UN Pushes to Reopen NYC Headquarters (2:10 p.m. NY)
Germany and Russia urged the United Nations to partially reopen its New York City headquarters as the secretary general proposes to scale back the annual General Assembly meeting in September.
Germany, which will hold the presidency of the UN Security Council in July, wants to “discuss a possible return to real meetings” while reducing staff on hand and sticking to social-distancing guidelines, Ambassador Christoph Heusgen wrote in a letter to Secretary-General Antonio Guterres seen by Bloomberg News.
Guterres has taken a cautious approach to reopening the headquarters tower along the East River.
Report Says 4.1% of U.S. Infected (2:06 p.m. NY)
A new report from the Imperial College London estimates that 4.1% of the U.S. has been infected by the novel coronavirus, with a wide variation between states. In New York, the world’s epicenter, the researchers estimate that 16.6% of the population has already been infected.

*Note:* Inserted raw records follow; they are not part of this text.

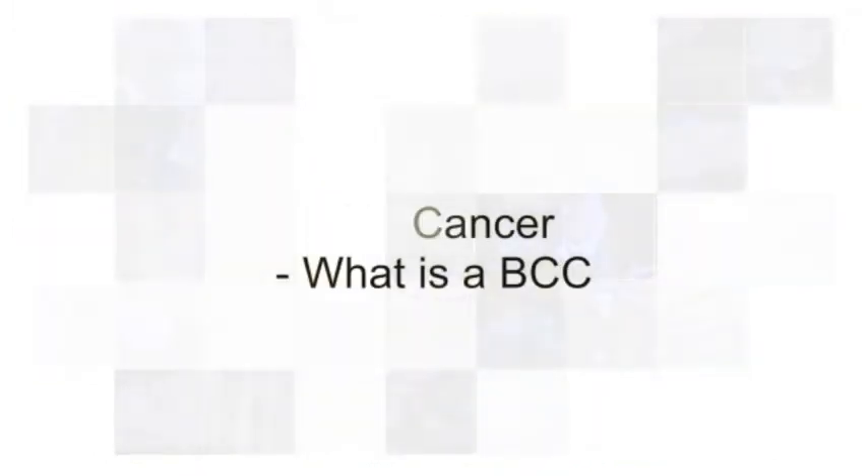What is a BCC? A BCC is a basal cell carcinoma. This sounds like a scary name, but it's actually one of the minor types of skin cancer. It arises in the top layer of the skin after sun damage and grows deeper into the dermis when it gets thick.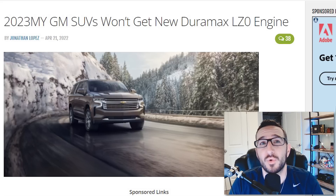Also, according to GM Authority, the 2023 Tahoe, Suburban, Yukon, and Escalade will not offer the new LZ0 Duramax engine as an option, which doesn't really make much sense to me. I'm not sure why that would be a path GM would take, so I'm going to take that report with a grain of salt, at least until I hear something otherwise directly from GM. At the dealer level, that's nothing I've heard of, so I'm not really sure about that one.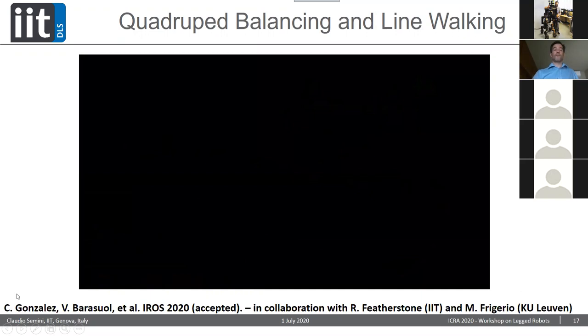If you're interested in this work, it is by Carlos Gonzalez. He just had his IROS paper accepted and we will put it on our website in the next days.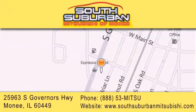We are conveniently located at 25963 South Governors Highway, just minutes off I-57 in Moni. Get greater value from the store that gives you more.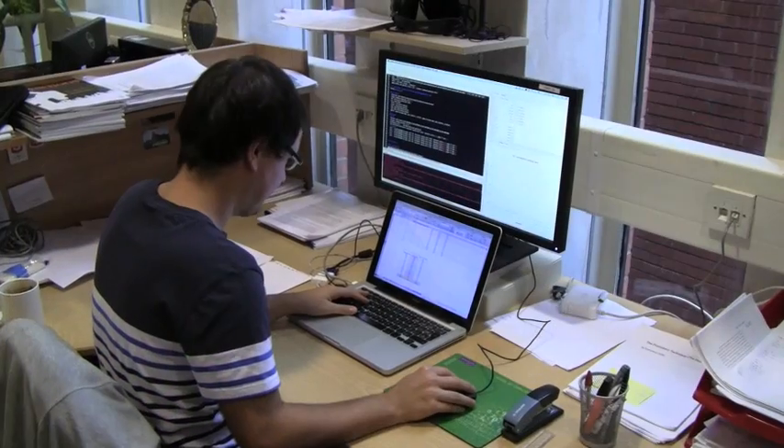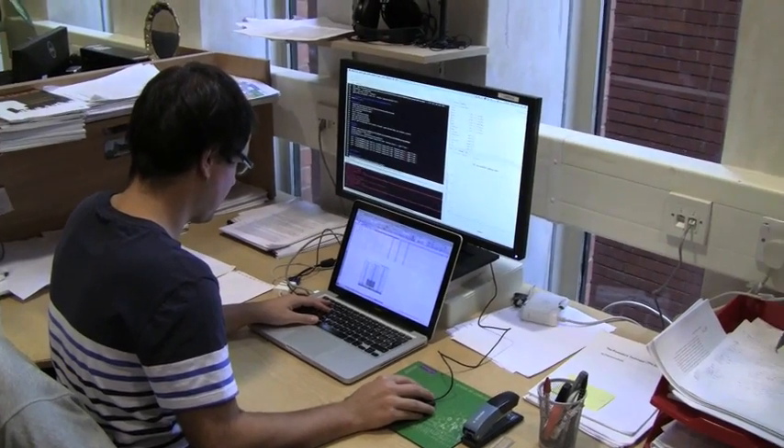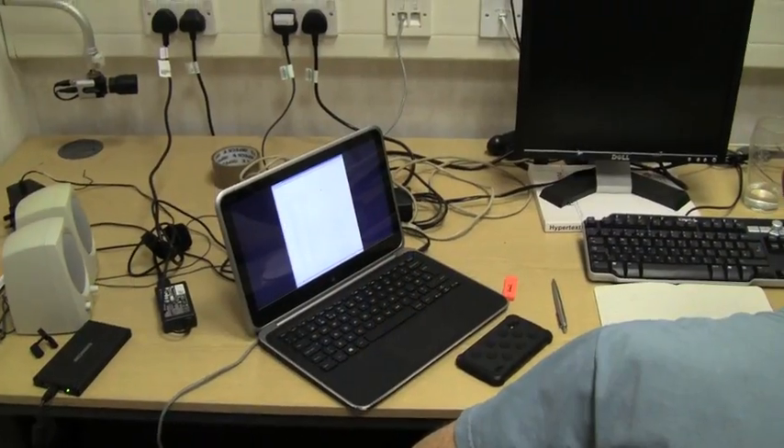Companies now are very aware of this relationship between humans and interfaces and computers, and they are hiring more and more computer scientists with a background in human-computer interaction. We hear a great deal from industry that they are really keen to have graduates with this kind of profile.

The researchers conducted their first state-by-state analysis of the U.S., modeling the number of people infected, the number of those who are currently infectious and the average number of secondary infections caused by individuals with Covid-19. The report warns that certain regions, such as the South and Midwest, may be more susceptible to a resurgence of transmission in coming months.
“The epidemic is not under control in much of the U.S.,” say the researchers. “We find no evidence that any state is approaching herd immunity or that its epidemic is close to over.”